3c. L’utilizzo del leverage

La leva finanziaria (leverage, in inglese) è uno strumento che permette di “prendere posizione” su un certo ammontare di denaro con un esborso molto inferiore. Molti degli strumenti derivati sfruttano la leva: ad esempio nei contratti per le opzioni o per i forwards non si paga alla stipulazione ma solo alla scadenza, esclusa una piccola cifra di premio (detto margine) per i costi di transazione. Quindi con, ipotizziamo, 10$ di margine è possibile stipulare un contratto con valore nominale di 100$, realizzando un investimento su un ammontare che è uguale al reciproco del margine.
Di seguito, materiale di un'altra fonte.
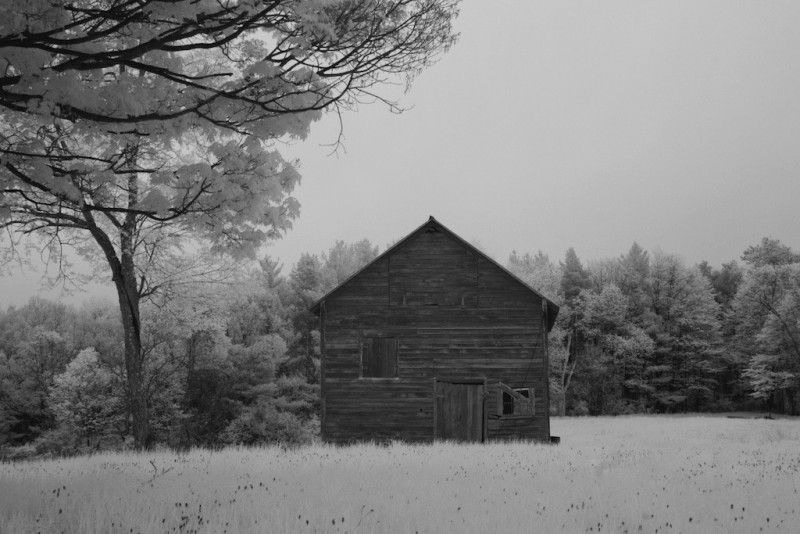 Red Barn Alone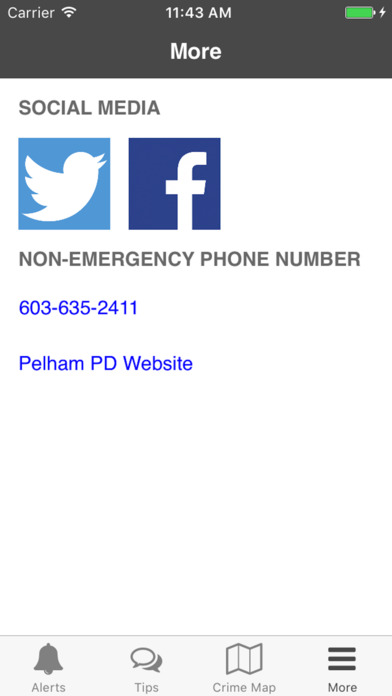 Pelham PD screenshot 3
Nel nostro esempio, il margine è il 10% del nozionale, quindi una variazione del sottostante determina una variazione della posizione di 10 volte maggiore (1/0.10). Ad esempio, se il valore del titolo aumentasse del 5%, passando da 100 a 105, il guadagno sarebbe uguale a 5$. Ma all’inizio l’esborso di denaro è stato di 10$, quindi a ben pensarci si è ottenuto un profitto pari al 50% del capitale: un investimento niente male! E’ facile immaginare che con cifre maggiori (basterebbe aggiungere un paio di zeri a tutti i valori mostrati..) i profitti possono essere altissimi, relativamente all’ammontare pagato inizialmente. Ma è altrettanto intuitivo che possono essere molto grandi anche le perdite, in quanto una diminuzione del valore del titolo del 5% causerebbe la perdita di metà dell’investimento.

In definitiva, attraverso l’uso della leva finanziaria le banche d’investimento e gli operatori hanno la possibilità di investire su un ammontare di titoli dal valore molto superiore al capitale che dispongono. Questo può portare a grandi profitti ma anche a rapidi fallimenti.

3d. Gli hedge funds

Gli hedge funds sono fondi d’investimento che raccolgono soldi dai risparmiatori e li investono nel mercato finanziario. Come indica il verbo stesso to hedge (coprire o limitare, in inglese) dovrebbero basarsi sul principio della diversificazione del portafoglio, con il fine di minimizzare il rischio che le fluttuazioni dei mercati minaccino i soldi degli investitori. In realtà il gioco è molto più sottile e spudorato, e la volatilità del mercato viene sfruttata per ottenere i maggiori utili possibili.

Il meccanismo classico è quello di vendere allo scoperto alcune azioni e comprare a termine altre azioni. L’idea è complessa ma affascinante: per vendere un’azione allo scoperto la si deve chiedere “in prestito” al suo proprietario, con la promessa di restituirgliela successivamente. A questo punto si vende l’azione presa in prestito, con l’obiettivo di riacquistarla prima della data di restituzione, ovviamente con la previsione che il prezzo scenderà. In questo modo si hanno due vantaggi: al momento della vendita si entra in possesso di denaro liquido, che può essere a sua volta investito, e quando si ricompra l’azione si guadagna anche dalla differenza fra il prezzo a cui era stata venduta e il prezzo inferiore a cui viene riacquistata.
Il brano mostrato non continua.